Carter E. Foster is the first art historian to have written on Ellsworth Kelly’s “Austin,” the artist’s first and only freestanding building.
However when Foster penned his essay “Stations of the Cross: Black, White, Light” in 2010 Kelly’s chapel-like building was a conception, an unnamed project designed in 1986 at the behest of a collector yet never realized.
Now, Kelly’s pale stone structure with luminous colored glass windows is a reality. “Austin” is set to open Feb. 18, a permanent part the Blanton Museum of Art at the University of Texas.
And while the unveiling of “Austin” — the artist’s final work — will invariably spawn more Kelly scholarship, Foster, the Blanton’s Deputy Director of Curatorial Affairs and Curator of Prints and Drawings, can still make a singular claim. He is the only person in the world with a tattoo designed by Ellsworth Kelly.
Four squares — blue, black, orange, green — tumble down the inside of Foster’s right forearm, an unmistakable Kelly composition of form and color.
“Ellsworth gave it an inventory number,” Foster says. “He considered it part of his catalog.”
I met with Foster recently in “Line Form Color,” a small, jewel-like exhibit he and Blanton curatorial assistant Christian Wurst organized.
Foster and Wurst used Kelly’s “Line Form Color” artist book as a lens to make a sharply focused selection of like-minded work from the Blanton’s vast collection of prints.
In 1951, Kelly submitted a proposal for a book called “Line Form Color” to the Guggenheim Foundation.
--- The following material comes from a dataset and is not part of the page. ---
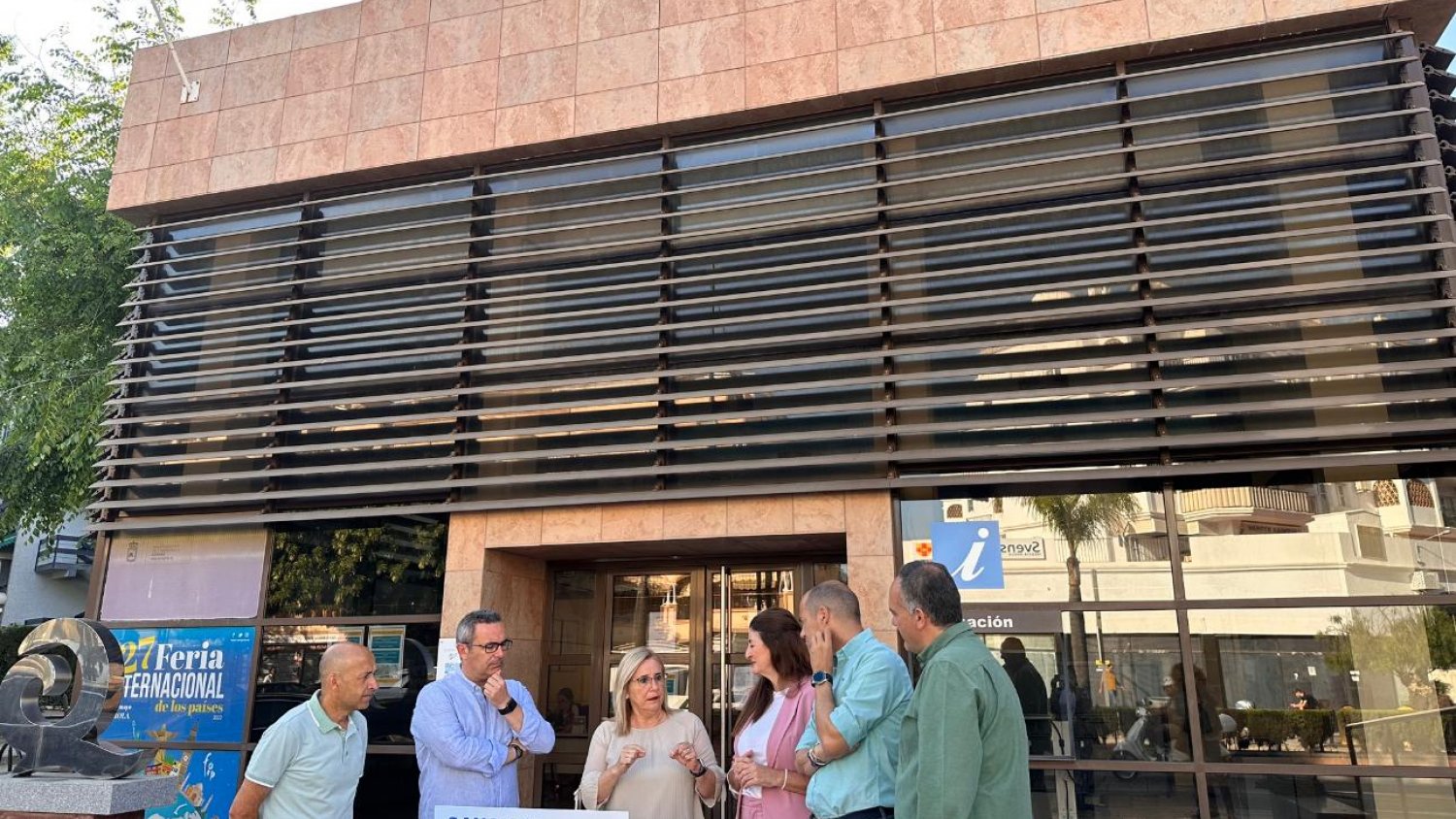 Ana Mula reforzará la apuesta por la innovación en Fuengirola impulsando numerosos proyectos de ciudad inteligente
The book was a manifesto of sorts, an outline of Kelly’s ideas of “an alphabet of plastic pictorial elements… an alphabet of lines, forms, values and colors.” The Guggenheim passed on publishing the book. (It was eventually published in 1999.)
In a few dozen stunning works by artists from Latin America, Europe and the U.S., Foster and Wurst capture how an essential and elemental aesthetic language cross-pollinated among artists in the decades after WWII.
“The joy of working at any museum is letting its collection teach you,” Foster tells me, adding that the current exhibit offered just the latest pathway for him to explore the Blanton’s collection of more 16,000 prints and drawings. “I like finding threads that connect art through different eras and contexts.”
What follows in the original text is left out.